Okul Sütü Programını gelecek eğitim-öğretim döneminde başlayacak olması hem çocuklarımız, hem de süt sektörü için çok değerli bir gelişme. Hükümet Okul Sütü Programına devam kararı verirken, ana muhalefet partisi CHP’nin İzmir’deki bazı belediyeleri aracılığıyla çocuklara süt dağıtıyor olması siyasetin ‘süt’e ısındığını gösteriyor. Okullarda süt dağıtma projesine hem iktidarın hem de muhalefetin sahiplenmesi, projenin uzun yıllar boyunca devam etme şansını artırıyor.
Okul Sütü’nde benim en çok takıldığım konu laktoz hassasiyeti olanlara süt verilmeyecek olması.
“Öğrenci velileri, öğretmenler, aile hekimleri ve/veya sağlık kurumlarınca ‘süte karşı duyarlılığı’ tespit edilen öğrenciler, okul yönetimleri tarafından program dışında tutulacak.” Tebliğde aynen bu şekilde yer alan ifadede, süt, rahatsızlıkların doğrudan kaynağı olarak gösteriliyor.
Medyada sıkça yer alan “süte duyarlılık” kavramı da buradan beslenerek kamuoyunda yanlış bir algı oluşturuluyor. Okul Sütü projesini yönetenlerin bu konuda daha dikkatli ifadeler seçmeleri gerekirdi.
Uzmanların sıkça söylediği gibi ‘laktoz duyarlılığı’ sütten değil, sütte bulunan ‘laktoz’ maddesinden kaynaklanıyor. Yani duyarlılığın süte değil laktoza olduğu nüansına dikkat edilmediğinden Okul Sütü’nde yanlış uygulamaya kapı aralanıyor.
Okul Sütünde amaç çocukların sağlıklı beslenmesine katkıda bulunmak olduğuna göre, laktoz hassasiyeti olan çocukların program dışında tutulması yerine daha farklı çözümler geliştirilebilir. Ayrıca bu çocukların sütteki besinlere diğer çocuklardan daha çok ihtiyaç duyduklarını göz ardı etmemek lazım.
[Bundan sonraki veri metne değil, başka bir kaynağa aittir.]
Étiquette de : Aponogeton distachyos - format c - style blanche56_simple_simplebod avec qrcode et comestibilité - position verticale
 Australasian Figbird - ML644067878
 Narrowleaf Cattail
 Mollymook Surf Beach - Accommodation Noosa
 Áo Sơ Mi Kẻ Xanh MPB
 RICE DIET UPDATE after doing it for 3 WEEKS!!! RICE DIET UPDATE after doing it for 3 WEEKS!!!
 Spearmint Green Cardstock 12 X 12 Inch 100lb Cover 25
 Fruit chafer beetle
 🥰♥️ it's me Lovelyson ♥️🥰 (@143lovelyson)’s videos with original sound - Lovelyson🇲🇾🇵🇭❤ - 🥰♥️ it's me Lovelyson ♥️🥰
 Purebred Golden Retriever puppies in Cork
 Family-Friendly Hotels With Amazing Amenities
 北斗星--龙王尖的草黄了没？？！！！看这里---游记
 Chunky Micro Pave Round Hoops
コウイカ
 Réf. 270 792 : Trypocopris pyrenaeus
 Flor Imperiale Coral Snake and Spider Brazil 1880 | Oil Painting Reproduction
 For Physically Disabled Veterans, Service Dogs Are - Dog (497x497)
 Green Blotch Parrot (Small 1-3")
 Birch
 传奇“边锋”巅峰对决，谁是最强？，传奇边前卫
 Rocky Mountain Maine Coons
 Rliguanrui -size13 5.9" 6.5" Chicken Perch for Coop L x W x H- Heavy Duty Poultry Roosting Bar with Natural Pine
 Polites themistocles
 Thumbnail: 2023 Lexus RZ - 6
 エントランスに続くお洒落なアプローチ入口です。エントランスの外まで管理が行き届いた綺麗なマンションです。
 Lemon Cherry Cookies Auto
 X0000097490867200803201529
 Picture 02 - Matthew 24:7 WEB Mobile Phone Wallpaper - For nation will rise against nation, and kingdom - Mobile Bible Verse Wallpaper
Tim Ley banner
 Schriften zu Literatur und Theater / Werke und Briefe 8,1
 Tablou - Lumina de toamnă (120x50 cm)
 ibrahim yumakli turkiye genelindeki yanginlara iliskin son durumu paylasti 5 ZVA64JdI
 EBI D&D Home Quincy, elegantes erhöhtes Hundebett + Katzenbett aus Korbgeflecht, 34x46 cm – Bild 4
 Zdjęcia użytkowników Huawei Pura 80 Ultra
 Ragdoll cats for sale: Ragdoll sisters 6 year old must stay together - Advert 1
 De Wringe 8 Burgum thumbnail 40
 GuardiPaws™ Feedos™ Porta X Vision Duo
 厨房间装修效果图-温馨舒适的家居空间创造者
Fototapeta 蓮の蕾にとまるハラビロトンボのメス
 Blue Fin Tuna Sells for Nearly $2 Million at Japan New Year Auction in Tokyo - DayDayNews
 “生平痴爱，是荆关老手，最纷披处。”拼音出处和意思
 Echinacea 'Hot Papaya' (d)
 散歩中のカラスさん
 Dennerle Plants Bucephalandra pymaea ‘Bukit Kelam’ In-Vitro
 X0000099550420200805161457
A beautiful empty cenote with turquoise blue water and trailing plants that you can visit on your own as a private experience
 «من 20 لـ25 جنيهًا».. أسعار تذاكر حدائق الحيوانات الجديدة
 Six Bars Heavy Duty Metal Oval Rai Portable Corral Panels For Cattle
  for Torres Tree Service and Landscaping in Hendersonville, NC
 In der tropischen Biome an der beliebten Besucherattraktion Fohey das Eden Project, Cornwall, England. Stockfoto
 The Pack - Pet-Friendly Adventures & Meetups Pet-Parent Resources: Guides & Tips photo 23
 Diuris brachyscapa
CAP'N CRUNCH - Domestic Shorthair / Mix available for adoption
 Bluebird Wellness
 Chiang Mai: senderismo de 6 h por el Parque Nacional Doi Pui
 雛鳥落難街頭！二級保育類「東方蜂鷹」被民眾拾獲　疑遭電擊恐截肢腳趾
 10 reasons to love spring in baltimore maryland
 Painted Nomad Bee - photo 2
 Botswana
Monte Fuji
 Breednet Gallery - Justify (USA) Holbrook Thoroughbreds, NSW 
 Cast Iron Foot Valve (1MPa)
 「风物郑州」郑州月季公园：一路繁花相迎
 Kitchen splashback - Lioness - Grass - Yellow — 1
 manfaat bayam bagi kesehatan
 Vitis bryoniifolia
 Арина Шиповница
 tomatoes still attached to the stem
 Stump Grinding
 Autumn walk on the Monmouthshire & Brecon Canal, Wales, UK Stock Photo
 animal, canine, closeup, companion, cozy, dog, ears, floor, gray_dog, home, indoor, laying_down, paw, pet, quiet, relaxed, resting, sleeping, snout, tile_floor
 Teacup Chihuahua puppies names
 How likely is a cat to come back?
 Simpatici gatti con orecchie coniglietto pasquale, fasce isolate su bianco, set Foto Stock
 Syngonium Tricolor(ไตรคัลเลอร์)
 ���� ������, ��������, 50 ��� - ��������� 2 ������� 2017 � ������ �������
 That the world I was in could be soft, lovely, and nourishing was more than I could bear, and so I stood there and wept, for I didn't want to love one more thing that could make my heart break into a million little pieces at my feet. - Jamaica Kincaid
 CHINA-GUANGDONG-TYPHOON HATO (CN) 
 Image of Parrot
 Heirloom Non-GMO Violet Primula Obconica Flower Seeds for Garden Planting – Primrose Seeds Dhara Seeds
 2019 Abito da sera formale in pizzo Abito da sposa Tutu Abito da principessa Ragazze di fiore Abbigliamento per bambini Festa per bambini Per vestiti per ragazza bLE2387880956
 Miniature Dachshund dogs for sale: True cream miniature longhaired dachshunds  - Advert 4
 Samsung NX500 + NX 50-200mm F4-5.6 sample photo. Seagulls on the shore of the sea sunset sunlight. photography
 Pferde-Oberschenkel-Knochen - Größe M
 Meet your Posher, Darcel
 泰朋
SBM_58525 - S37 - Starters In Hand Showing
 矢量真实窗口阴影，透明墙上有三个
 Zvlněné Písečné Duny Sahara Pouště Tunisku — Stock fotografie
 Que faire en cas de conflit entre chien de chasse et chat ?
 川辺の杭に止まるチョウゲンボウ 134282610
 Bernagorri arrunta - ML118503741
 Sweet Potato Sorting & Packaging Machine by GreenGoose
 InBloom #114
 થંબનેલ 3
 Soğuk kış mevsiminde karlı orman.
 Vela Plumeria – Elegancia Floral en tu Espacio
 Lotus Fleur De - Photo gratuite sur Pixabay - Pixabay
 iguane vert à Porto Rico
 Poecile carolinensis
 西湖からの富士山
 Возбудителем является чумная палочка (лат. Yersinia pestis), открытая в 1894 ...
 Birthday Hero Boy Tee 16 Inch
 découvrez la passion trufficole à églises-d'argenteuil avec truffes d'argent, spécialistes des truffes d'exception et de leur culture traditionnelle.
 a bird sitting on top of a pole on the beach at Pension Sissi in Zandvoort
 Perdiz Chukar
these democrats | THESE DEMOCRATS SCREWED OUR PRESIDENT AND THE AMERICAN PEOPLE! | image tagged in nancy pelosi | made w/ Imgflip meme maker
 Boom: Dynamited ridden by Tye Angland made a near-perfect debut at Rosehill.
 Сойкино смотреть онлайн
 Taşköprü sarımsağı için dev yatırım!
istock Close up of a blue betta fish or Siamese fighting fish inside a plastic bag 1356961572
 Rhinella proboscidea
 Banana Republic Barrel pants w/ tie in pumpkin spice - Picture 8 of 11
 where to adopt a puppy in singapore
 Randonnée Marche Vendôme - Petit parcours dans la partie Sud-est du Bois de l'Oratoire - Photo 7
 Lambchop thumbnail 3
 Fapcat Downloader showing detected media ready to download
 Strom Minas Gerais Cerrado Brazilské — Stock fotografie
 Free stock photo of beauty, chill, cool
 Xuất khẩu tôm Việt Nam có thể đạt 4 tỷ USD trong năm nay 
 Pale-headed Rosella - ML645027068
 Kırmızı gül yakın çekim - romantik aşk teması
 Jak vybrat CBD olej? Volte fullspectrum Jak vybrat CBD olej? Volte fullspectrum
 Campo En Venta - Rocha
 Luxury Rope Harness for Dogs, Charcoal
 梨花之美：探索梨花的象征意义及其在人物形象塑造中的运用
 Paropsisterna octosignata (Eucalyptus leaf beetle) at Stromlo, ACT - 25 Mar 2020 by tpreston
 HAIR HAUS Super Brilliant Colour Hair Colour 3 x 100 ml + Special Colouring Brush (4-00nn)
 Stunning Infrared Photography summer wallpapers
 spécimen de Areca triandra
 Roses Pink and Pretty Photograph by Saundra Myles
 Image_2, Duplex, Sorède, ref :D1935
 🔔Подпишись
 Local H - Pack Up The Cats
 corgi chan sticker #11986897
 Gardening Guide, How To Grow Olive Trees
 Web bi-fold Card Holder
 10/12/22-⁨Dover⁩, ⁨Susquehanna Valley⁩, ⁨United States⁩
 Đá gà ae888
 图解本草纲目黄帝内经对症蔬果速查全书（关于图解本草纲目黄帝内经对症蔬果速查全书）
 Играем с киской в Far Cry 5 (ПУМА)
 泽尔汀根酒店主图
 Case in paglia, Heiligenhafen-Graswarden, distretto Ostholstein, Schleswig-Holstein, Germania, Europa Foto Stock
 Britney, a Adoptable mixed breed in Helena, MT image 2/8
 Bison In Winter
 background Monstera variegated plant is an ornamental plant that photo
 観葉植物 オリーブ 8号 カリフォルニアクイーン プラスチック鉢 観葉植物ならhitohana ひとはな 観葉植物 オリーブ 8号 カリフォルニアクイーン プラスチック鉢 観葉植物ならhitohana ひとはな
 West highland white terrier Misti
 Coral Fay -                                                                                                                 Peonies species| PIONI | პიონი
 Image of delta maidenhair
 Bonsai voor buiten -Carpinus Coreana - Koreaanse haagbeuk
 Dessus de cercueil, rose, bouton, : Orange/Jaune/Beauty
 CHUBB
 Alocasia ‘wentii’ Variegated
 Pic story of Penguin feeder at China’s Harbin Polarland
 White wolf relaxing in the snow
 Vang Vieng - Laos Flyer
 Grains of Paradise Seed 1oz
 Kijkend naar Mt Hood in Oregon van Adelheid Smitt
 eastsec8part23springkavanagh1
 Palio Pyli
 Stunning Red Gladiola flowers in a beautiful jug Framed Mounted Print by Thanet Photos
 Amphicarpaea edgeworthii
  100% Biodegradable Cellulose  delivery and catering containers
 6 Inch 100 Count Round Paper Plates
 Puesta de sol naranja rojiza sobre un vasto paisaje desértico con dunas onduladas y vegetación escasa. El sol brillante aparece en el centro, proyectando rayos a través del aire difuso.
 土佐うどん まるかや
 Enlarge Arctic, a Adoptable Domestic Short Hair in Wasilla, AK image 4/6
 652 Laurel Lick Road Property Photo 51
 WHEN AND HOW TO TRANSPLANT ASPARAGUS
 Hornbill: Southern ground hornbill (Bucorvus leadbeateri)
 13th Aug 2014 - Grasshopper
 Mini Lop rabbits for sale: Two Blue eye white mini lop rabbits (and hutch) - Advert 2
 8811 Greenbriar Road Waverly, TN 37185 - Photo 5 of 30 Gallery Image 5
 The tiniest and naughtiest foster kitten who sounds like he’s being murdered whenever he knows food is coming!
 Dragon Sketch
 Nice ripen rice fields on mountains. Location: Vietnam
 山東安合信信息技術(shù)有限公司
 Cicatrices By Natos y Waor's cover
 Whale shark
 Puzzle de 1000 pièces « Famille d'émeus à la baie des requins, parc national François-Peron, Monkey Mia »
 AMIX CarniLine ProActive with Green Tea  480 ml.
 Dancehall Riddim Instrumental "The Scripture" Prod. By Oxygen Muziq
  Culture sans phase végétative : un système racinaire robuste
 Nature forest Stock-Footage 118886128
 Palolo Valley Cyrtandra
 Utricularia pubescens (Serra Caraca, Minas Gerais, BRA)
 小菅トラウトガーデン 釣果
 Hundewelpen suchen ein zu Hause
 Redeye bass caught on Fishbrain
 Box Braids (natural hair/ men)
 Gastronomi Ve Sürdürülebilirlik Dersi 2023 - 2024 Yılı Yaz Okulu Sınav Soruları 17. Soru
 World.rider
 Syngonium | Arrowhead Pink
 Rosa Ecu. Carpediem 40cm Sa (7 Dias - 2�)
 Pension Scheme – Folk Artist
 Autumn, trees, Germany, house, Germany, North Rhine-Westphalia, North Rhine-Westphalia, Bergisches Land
Laktozun olumsuz etkilerini ortadan kaldıran laktaz enzimi piyasada ticari olarak satılıyor. Gelişmiş ülkelerde laktozsuz süt ürünleri pazarı hızla büyüyor, böylece laktoz hassasiyeti olanlar rahatlıkla süt ve süt ürünleri tüketebiliyor. Ülkemizde de laktozsuz ürünler pazarı yavaş da olsa oluşuyor. Pınar ve Ülker İçim’den sonra Sek Süt de laktozsuz süt üretmeye başladı.
Toplum bilinçlendikçe, bu rahatsızlıktan ötürü süt tüketmeme tercihi, laktozsuz ürünler tüketme alışkanlığına dönüşmeye başlayabilir. Sağlık Bakanlığı, okullarda laktoz başta olmak üzere gıda alerjenlerine karşı hassasiyet taraması yaparak duyarlılığı olanları tespit edebilir. Laktoz hassasiyetinden ötürü süt içemeyen bu çocuklar için Okul Sütü Programı da bir fırsata dönüştürülerek laktozsuz süt verilebilir.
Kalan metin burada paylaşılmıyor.